0

Is there a way to implement dimension reduction using pyspark? I have a dataframe and loaded into pyspark.

FILENAME = "test.csv"
spark = SparkSession.builder.appName('Test')  \
    .getOrCreate()

spark_df = spark.read.csv(FILENAME, header=True)
# Load the embeddings from the spark_df
embedded_df_columns = spark_df.columns[5:]
embedded_df = spark_df.select(embedded_df_columns)

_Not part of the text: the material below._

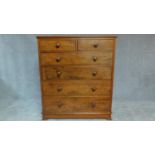 A Vicorian mahogany tall chest of drawers fitted two short over four long drawers with original knob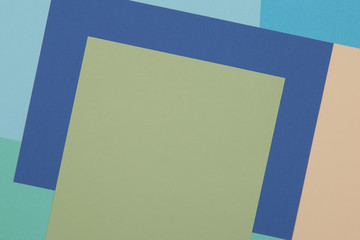 Blue, green, yellow background, colored paper geometrically divides into zones, frame, copy, space.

I dont seem to find the right pyspark.ml.features for tsne. All I get was for pca. Can anyone help please

  • If pyspark is not a hard requirement, it may be worthwhile trying cuml, which has a t-SNE implementation. It’s optimized for GPU and, depending on your dataset, compute resources, and use case, could offer exactly what you need. – Yang Wu Jan 17 '23 at 12:45
  • In my experience, I've found myself memory-constrained when trying to scale TSNE. Whether the original poster was interested in using Spark because they were CPU-limited or memory-limited will determine whether GPU acceleration is what they need. I tend to find that when using larger and larger datasets, I need to up the perplexity to get comparably good results, so your memory requirement scales worse than linearly with data size. I came across this thread precisely because I'm searching for a Spark implementation or some other solution to my memory problem. – gazza89 Mar 30 '23 at 12:48

0 Answers0